Ralph Angenendt wrote:
Michel Daggelinckx wrote:
I've been to FOSDEM this weekend and noticed the small number of CentOS people at the booth.
Well, we weren't as much as Fedora had, but much more than OpenSuSE seemed to have :)
The Ubuntu people work with Local Community Teams to support and promote the distro.
I think it would be beneficial for CentOS to setup a similar structure.
Are there people who want to do that?
At the moment it's mostly sysadmins who introduce/sneak CentOS into businesses. Local Community Teams can setup a booth at computer fairs and other events. This way the general public (small businesses, non-profit organisations, schools, ....) are exposed to CentOS.
Again: Are there people who want to do that? I asked a few weeks ago about a computer fair in eastern germany and there weren't that many answers (well, to be exact there wasn't any).
If there are people willing to "man" those local groups, I don't see any problem CentOS should or will have with that.
Do you have a proposal how local groups like that could be worked out? How large/small areas those groups should cover? What needs to be done from the CentOS team to support those groups? Which infrastructure is needed?
Cheers,
Ralph
CentOS-promo mailing list CentOS-promo@centos.org http://lists.centos.org/mailman/listinfo/centos-promo
Infrastructure needs: mailinglist for each team centos.org sub-domain and web space with a wiki
area size: 1 team for each country, subdivisions are possible, they operate under the national team.
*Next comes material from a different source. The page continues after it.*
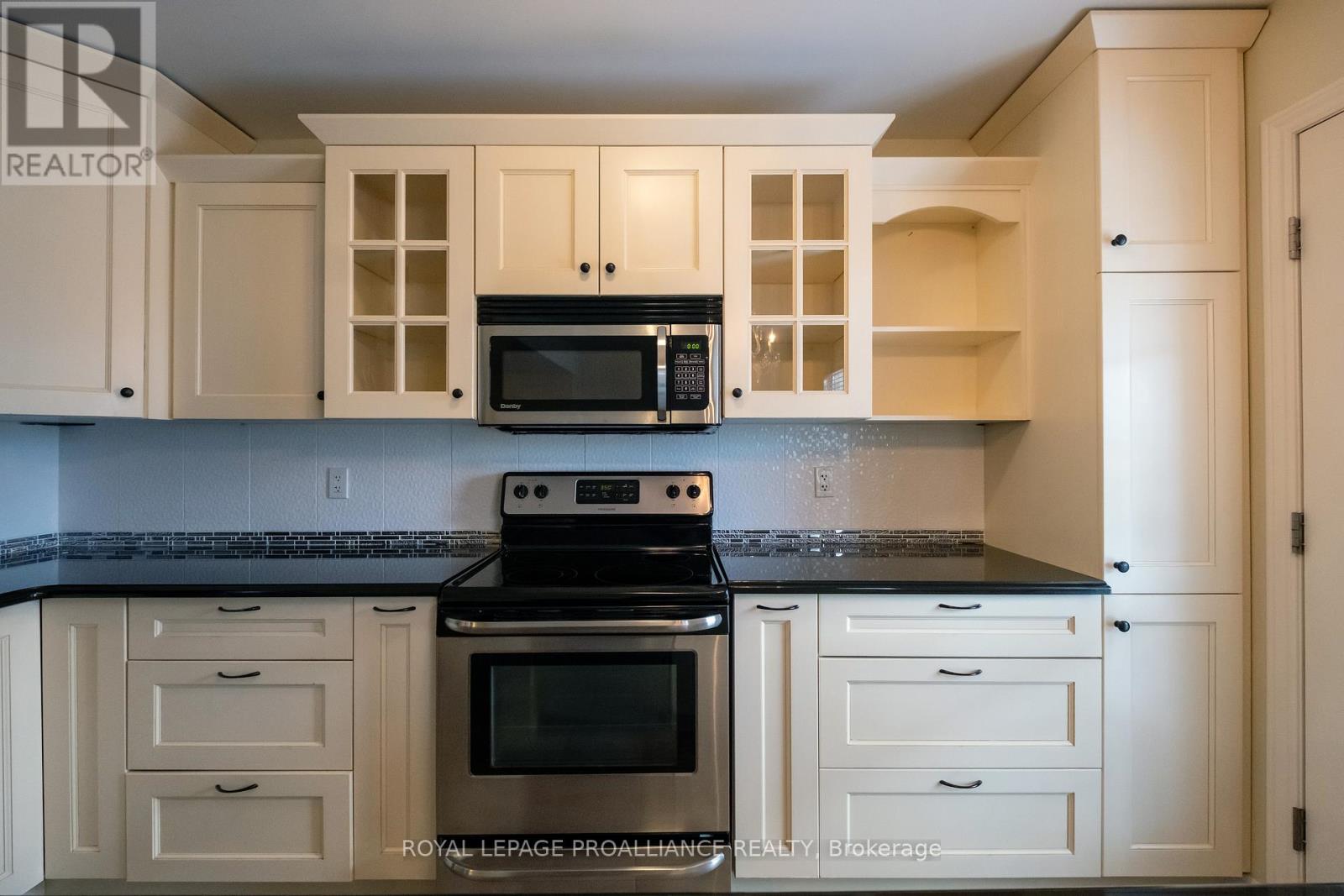 8 Ava Court, Belleville, Ontario  K8P 0B2 - Photo 12 - X12742732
For multilingual country's: Belgium, Swiss, ... where language is key refer to foreign teams, Belgium = French, Dutch and German so we refer German people to German team for support. Where location is key: fairs, meetings, ... the national team will be responsible and can cooperate with neighboring teams.
The teams are free to organise them self in the way they see most fit, cultural differences make it impossible to have a unified structure. Every team should have an "official" contact for communication between teams, the public, press and the global CentOS team.